=== Section Start ===

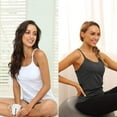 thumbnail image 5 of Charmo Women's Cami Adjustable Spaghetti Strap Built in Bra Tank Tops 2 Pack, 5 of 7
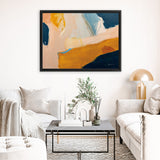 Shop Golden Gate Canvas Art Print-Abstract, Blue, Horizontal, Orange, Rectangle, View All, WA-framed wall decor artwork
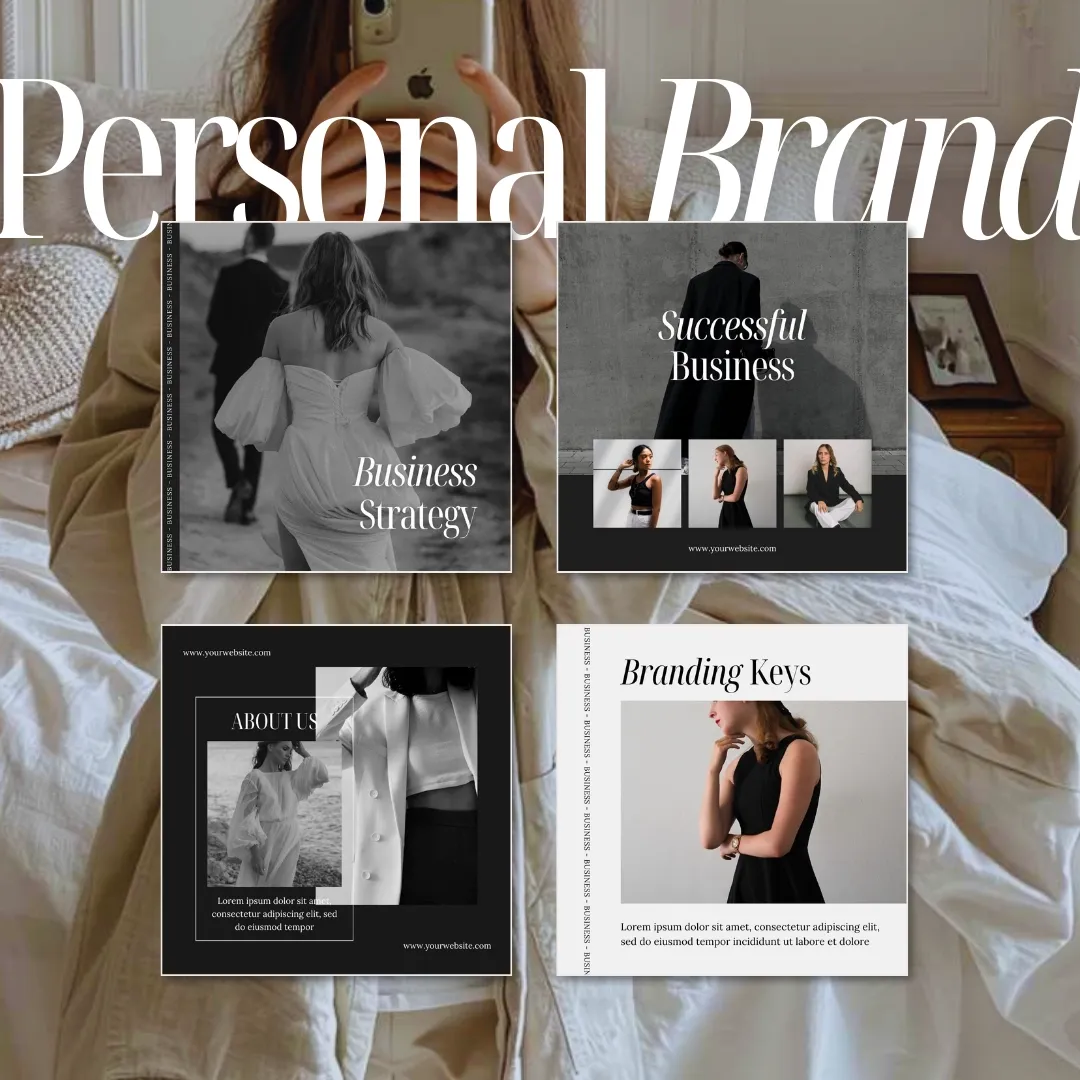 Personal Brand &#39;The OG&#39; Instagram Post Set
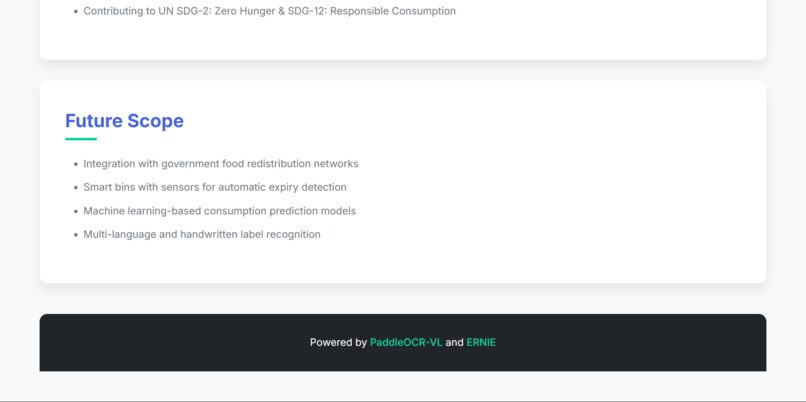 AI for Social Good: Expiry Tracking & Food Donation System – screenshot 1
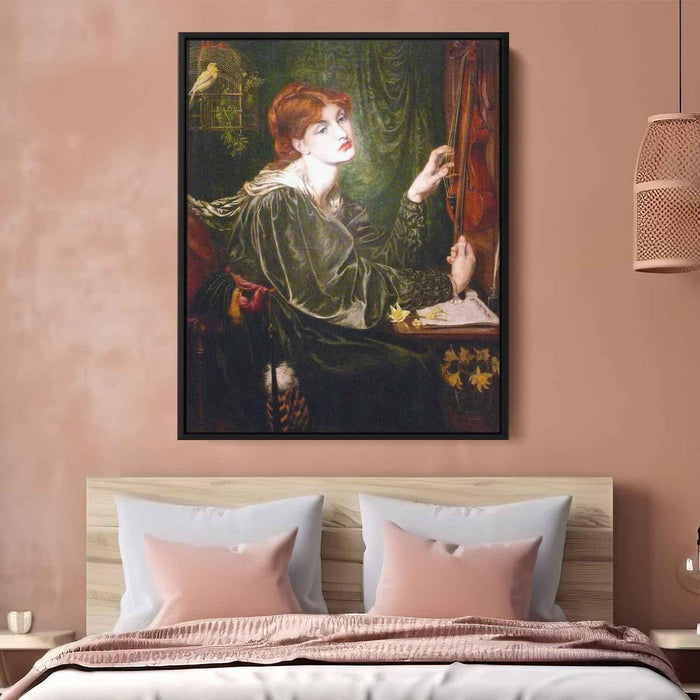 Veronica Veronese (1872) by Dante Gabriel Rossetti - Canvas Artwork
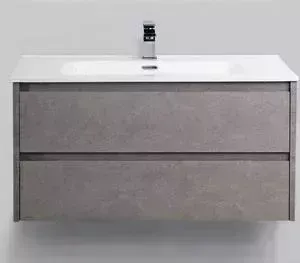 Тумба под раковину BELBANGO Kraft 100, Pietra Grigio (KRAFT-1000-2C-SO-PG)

=== Section End ===
=== Section Start ===

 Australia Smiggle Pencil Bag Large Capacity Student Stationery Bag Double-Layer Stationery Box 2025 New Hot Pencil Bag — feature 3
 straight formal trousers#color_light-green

=== Section End ===
=== Section Start ===

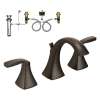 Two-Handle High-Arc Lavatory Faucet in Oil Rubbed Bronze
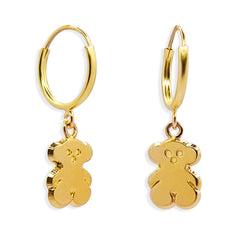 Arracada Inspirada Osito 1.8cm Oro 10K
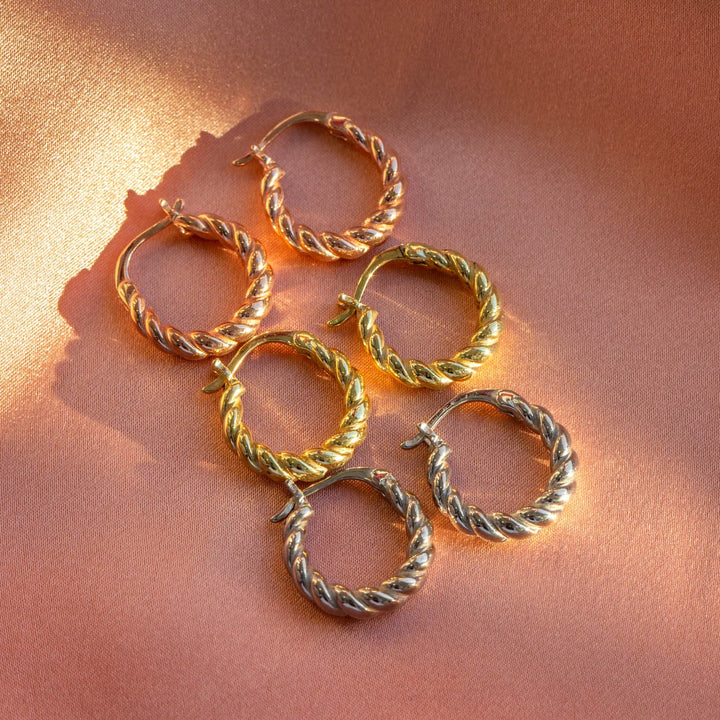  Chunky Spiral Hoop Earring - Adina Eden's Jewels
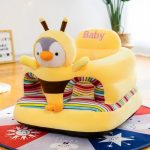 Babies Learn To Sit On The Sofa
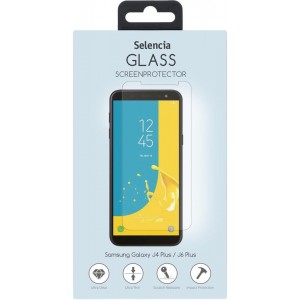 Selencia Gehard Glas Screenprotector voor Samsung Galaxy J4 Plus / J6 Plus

=== Section End ===

_INSTRUCTIONS TO FOLLOW:_
The line holding "thumbnail image 5" starts the copy and the line holding "Тумба под раковину" ends it. Repeat those two lines above and all between them exactly, leaving out pictures.

_OUTPUT OF THE EXERCISE:_
 thumbnail image 5 of Charmo Women's Cami Adjustable Spaghetti Strap Built in Bra Tank Tops 2 Pack, 5 of 7
 Shop Golden Gate Canvas Art Print-Abstract, Blue, Horizontal, Orange, Rectangle, View All, WA-framed wall decor artwork
 Personal Brand &#39;The OG&#39; Instagram Post Set
 AI for Social Good: Expiry Tracking & Food Donation System – screenshot 1
 Veronica Veronese (1872) by Dante Gabriel Rossetti - Canvas Artwork
 Тумба под раковину BELBANGO Kraft 100, Pietra Grigio (KRAFT-1000-2C-SO-PG)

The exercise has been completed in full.